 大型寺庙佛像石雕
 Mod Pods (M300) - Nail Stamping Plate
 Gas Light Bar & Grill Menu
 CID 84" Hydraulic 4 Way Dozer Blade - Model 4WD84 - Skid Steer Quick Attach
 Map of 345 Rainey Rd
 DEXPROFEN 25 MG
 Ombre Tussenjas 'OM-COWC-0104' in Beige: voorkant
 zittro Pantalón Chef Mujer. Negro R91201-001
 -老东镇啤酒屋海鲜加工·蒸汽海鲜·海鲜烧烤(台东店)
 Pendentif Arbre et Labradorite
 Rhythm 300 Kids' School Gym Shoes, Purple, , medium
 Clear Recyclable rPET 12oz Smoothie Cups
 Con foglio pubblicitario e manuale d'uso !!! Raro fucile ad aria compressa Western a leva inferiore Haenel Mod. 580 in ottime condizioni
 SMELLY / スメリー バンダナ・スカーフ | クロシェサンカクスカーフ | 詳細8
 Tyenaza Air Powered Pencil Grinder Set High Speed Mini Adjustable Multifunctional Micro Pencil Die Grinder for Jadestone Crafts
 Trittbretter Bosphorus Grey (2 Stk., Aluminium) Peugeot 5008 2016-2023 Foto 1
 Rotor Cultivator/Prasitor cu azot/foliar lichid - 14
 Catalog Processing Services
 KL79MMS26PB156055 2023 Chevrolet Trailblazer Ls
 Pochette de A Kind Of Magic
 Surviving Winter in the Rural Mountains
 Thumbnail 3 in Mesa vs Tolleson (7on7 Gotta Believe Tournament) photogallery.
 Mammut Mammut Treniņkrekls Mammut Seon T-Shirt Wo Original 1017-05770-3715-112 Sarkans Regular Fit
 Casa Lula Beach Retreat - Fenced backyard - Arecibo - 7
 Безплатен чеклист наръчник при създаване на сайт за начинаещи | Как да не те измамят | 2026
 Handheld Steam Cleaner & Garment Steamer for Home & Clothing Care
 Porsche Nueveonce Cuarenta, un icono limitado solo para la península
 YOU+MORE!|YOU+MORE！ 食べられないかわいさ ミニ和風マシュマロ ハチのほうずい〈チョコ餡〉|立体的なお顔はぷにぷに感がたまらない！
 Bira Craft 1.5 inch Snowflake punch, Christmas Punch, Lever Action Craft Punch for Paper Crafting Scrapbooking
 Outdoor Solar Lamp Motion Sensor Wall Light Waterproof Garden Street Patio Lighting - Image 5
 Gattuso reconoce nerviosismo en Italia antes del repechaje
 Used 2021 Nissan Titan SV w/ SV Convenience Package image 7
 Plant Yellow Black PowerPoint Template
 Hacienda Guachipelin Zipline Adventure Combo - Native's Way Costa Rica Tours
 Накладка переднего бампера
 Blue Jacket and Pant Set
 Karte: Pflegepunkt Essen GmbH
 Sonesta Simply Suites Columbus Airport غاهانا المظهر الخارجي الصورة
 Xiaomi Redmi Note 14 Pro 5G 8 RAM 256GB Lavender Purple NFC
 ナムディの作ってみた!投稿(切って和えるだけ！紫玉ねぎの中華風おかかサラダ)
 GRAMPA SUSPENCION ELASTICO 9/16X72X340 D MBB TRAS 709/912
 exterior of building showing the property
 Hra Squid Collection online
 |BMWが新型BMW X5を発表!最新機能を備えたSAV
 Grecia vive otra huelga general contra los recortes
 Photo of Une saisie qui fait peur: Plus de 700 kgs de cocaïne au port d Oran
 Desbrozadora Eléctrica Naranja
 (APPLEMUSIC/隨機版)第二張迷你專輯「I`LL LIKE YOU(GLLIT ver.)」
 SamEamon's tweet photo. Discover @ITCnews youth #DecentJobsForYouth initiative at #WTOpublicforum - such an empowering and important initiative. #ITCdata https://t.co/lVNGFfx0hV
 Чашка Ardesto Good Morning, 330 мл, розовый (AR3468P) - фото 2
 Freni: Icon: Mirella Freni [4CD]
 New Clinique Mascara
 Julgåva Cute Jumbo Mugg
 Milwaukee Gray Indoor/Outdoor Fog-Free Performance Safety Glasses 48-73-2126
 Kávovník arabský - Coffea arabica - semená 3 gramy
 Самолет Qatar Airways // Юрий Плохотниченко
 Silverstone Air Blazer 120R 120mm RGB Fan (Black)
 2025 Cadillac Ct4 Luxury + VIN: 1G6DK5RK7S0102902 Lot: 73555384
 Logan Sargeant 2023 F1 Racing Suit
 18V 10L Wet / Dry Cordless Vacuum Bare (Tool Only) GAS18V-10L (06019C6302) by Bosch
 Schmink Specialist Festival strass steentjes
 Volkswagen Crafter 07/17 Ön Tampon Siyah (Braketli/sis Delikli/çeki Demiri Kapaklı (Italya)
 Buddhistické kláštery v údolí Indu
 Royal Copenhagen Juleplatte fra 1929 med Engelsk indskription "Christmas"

Your objective
All that belongs in the answer is an exact copy of the lines from the start of the records above through the line with "Rhythm 300 Kids'".

Result for this exercise
 大型寺庙佛像石雕
 Mod Pods (M300) - Nail Stamping Plate
 Gas Light Bar & Grill Menu
 CID 84" Hydraulic 4 Way Dozer Blade - Model 4WD84 - Skid Steer Quick Attach
 Map of 345 Rainey Rd
 DEXPROFEN 25 MG
 Ombre Tussenjas 'OM-COWC-0104' in Beige: voorkant
 zittro Pantalón Chef Mujer. Negro R91201-001
 -老东镇啤酒屋海鲜加工·蒸汽海鲜·海鲜烧烤(台东店)
 Pendentif Arbre et Labradorite
 Rhythm 300 Kids' School Gym Shoes, Purple, , medium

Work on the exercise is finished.